I talk about plot quite often on this blog. In Hollywood, a film can still do well without a good plot if it is well-directed or acted, has great action scenes, or generally contains lots of eye-candy (see: Avatar). For novels, plot is considerably more important, though, again, not strictly a necessity. Instead of being able to fall back on a great actor, director, or visual effects artist, a novelist without a plot can create an interesting setting, or write so well that plot becomes secondary to his or her style.
So what about videogames?
Better yet, why should we even care about the plot of a videogame?
It's an understatement to say that games have come a long way in the past quarter-century. Thirty years ago today, the world met Pac-Man. Twenty-five years ago, North America saw the first Famicom, or Nintendo Entertainment System, along with everyone but John McCain's favorite plumber, Mario. At that time, the pinnacle of electronic home entertainment was an 8-bit man in overalls hopping across platforms as he bounces on the heads of mushroom men and evil turtles. Any background or story pretty much spawned from what you made of the game's pixelated world.
Today's game systems feature increasingly robust online capabilities, so that now anyone can experience the joy of playing Halo 3 (rated M, meaning that you're supposed to be over 18 before you play it) with a horde of prepubescent 11-year-olds who are more concerned with taking their new dirty words for a spin than they are actually playing. The online mode has fundamentally altered the layout of today's gaming community. Now, with every game made, the producers have an important choice to make: do we make a single-player game, or one with lots of multiplayer capabilities? On older systems, when they went with the latter, the result was rarely anything special, and the single-player experience suffered accordingly. If a game tried to be multiplayer-centric, it pretty much had to abandon a single-player mode entirely to be successful (see: Mario Party). It seems like the games I remember playing the most were the rare gems that found that balance between being something that I could play when my friends weren't there and something that I could play when they were, like Star Fox 64, 007: Goldeneye, Perfect Dark, and even Super Smash Brothers.
Somewhat ironically, now that the Xbox 360 is around, and its online modes are so good (it comes with a headset that you can talk into!) multiplayer games have undergone a sort of reversal, where now it's actually quite difficult to play one while in the same room as your friends. Splitscreen is so 2003, gosh. Seems like the only games that still do that are Rock Band/Guitar Hero and just about anything on the Nintendo Wii, which shuns online modes in general. This worked out great for myself and my friends, who had the joy of growing up with local multiplayer and then gaining online multiplayer once we split apart for college.

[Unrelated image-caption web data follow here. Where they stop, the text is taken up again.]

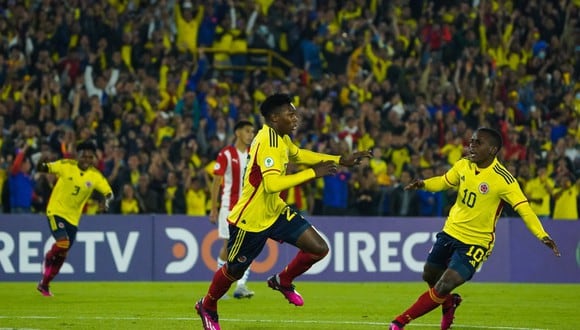 Colombia goleó 3-0 a Paraguay en el hexagonal final del Sudamericano Sub 20 | Foto: Twitter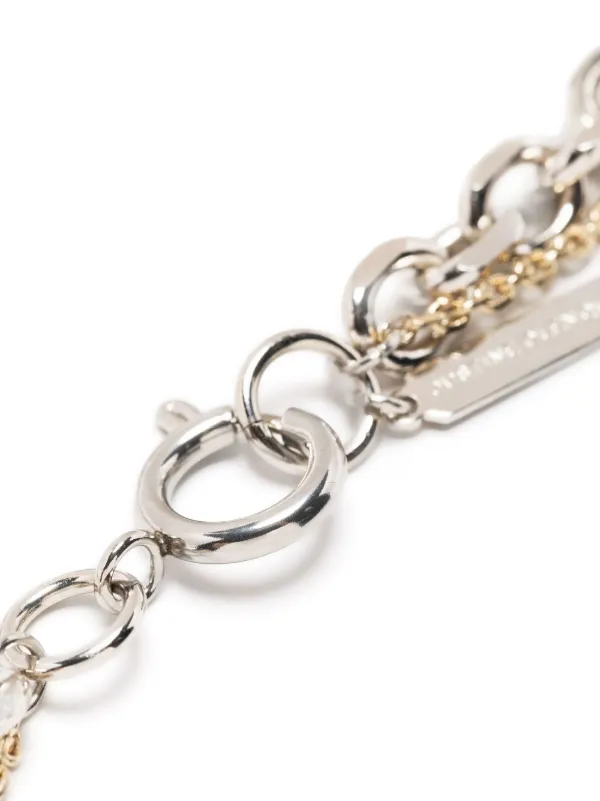 Justine Clenquet チェーンのレイヤードブレスレット Justine Clenquet レイヤード チェーンブレスレット | ゴールド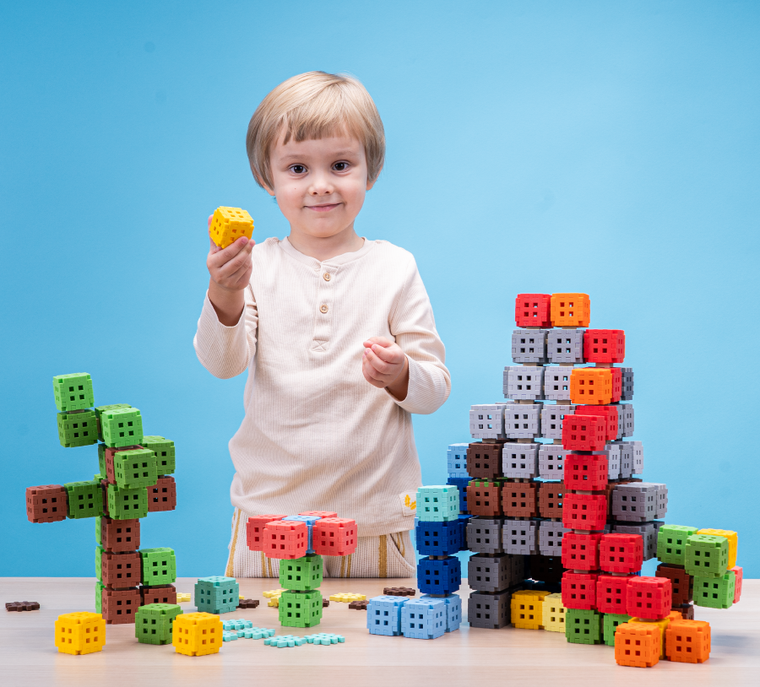 Marioinex, Mini Waffle, Green Blocks, set de constructie, 502 piese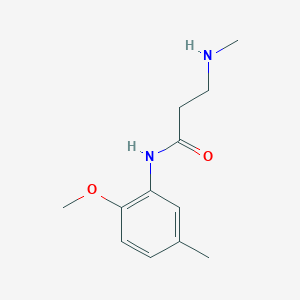 molecular formula C12H18N2O2 B12111694 Propanamide, N-(2-methoxy-5-methylphenyl)-3-(methylamino)- CAS No. 1239851-79-6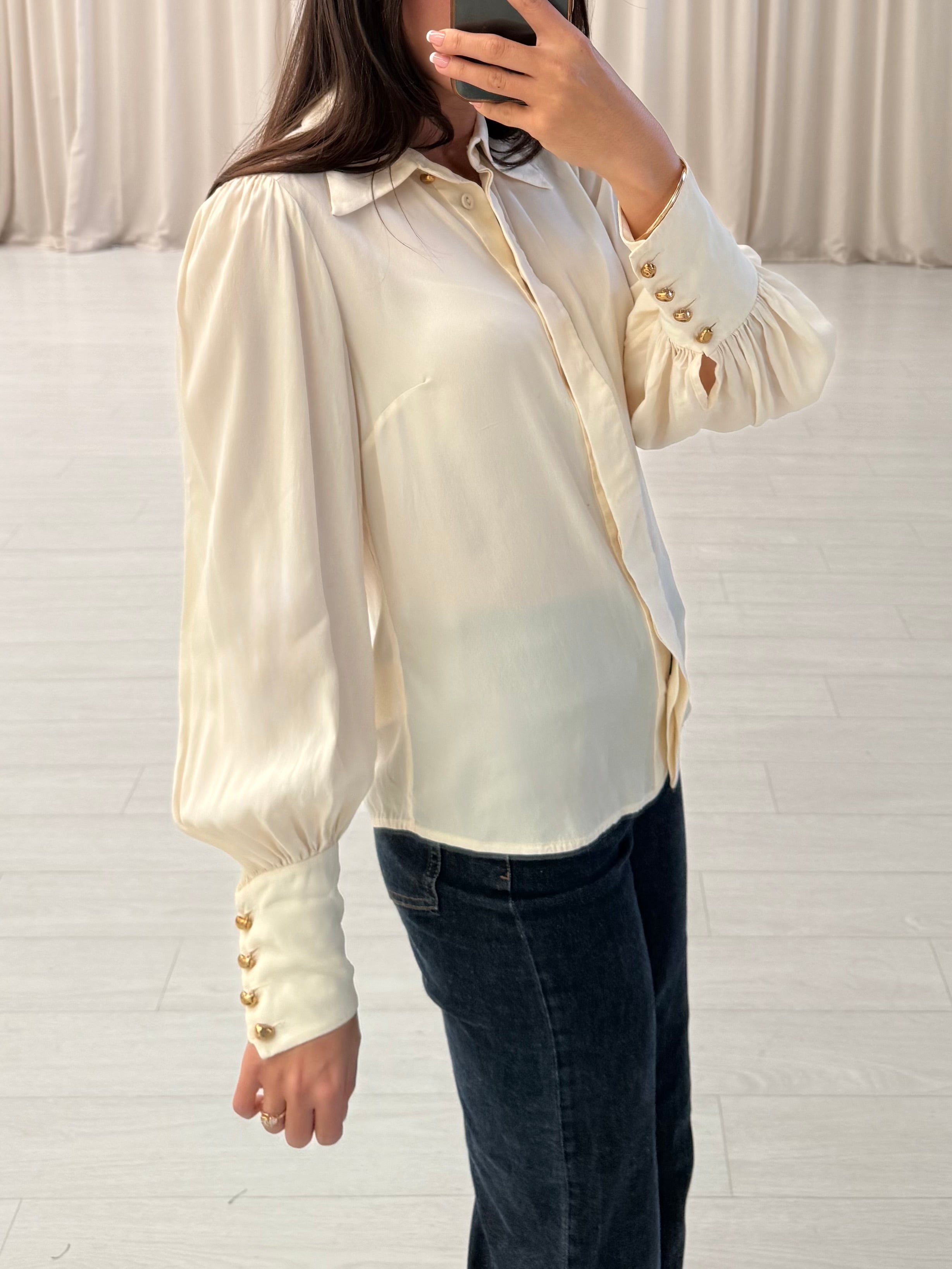 Gold Button Blouse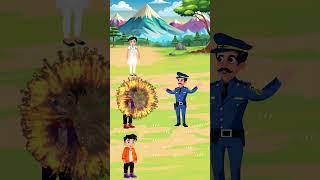 gorer bitore lico sash  cartoon  sialer golpo  sajib animation [upl. by Anavi]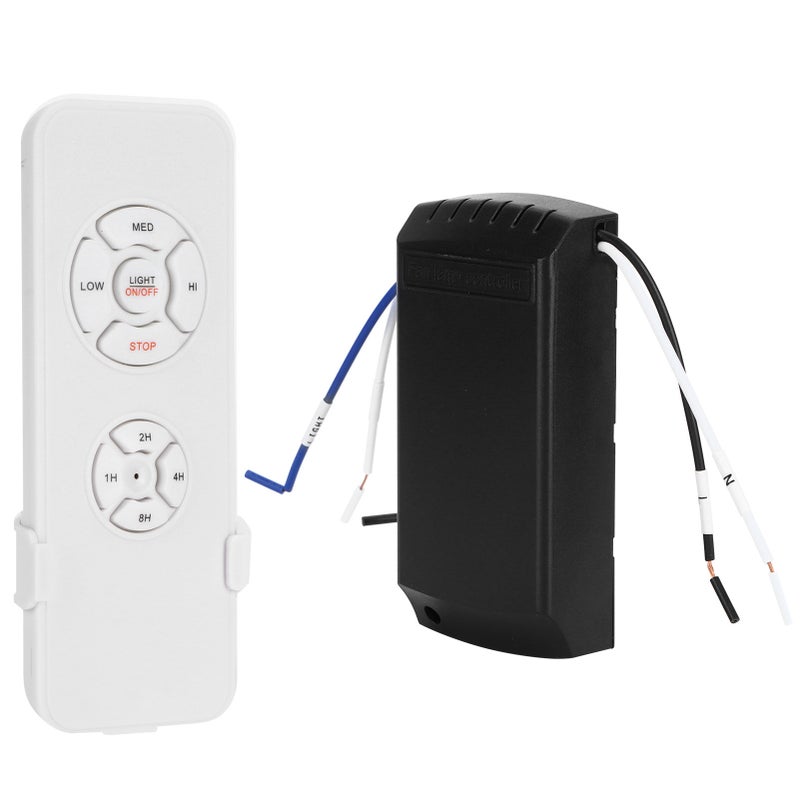 220V Wireless Ceiling Fan Lamp Remote Control Kit with Receiver Timing Switch Home Smart Controlling - Image 5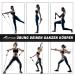 Buy Fitness Straps Set - 150LBS 200LBS 250LBS Resistance Bands - 5 Strengths Portable Gym Equipment with Handles Ankle Straps & Door Anchor - Perfect for Home & Outdoor Workouts - Buy Online on GoSupps.com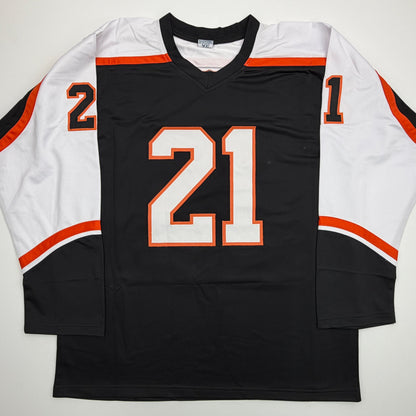 Autographed/Signed Peter Forsberg Philadelphia Black Hockey Jersey JSA COA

It's hard to generalize about plots in games, since the genres are so varied. Of course RPGs (Role-Playing Games) are going to have better plots than a racing game or a sports game. In fact, when it comes to a sports game, I don't want a plot (ahem Blitz: The League)! Therefore, for the sake of argument, I will be referring to the genres that are technically supposed to have stories to them: RPGs, Action-Adventures, FPSs (First-Person Shooters). As a side-note, though, I recently played a demo of a new racer called Split/Second, and while it didn't exactly have a plot, its premise was simple and brilliant. You're a contestant on a reality show, and during the race you have the opportunity to press a button that will blow things up as your competitors drive past them, thereby potentially destroying their cars and launching you ahead of them in the standings. It was uncomplicated, effective, and intuitive, and I highly recommend it.
So, what would you do if you were told to write a storyline for a videogame?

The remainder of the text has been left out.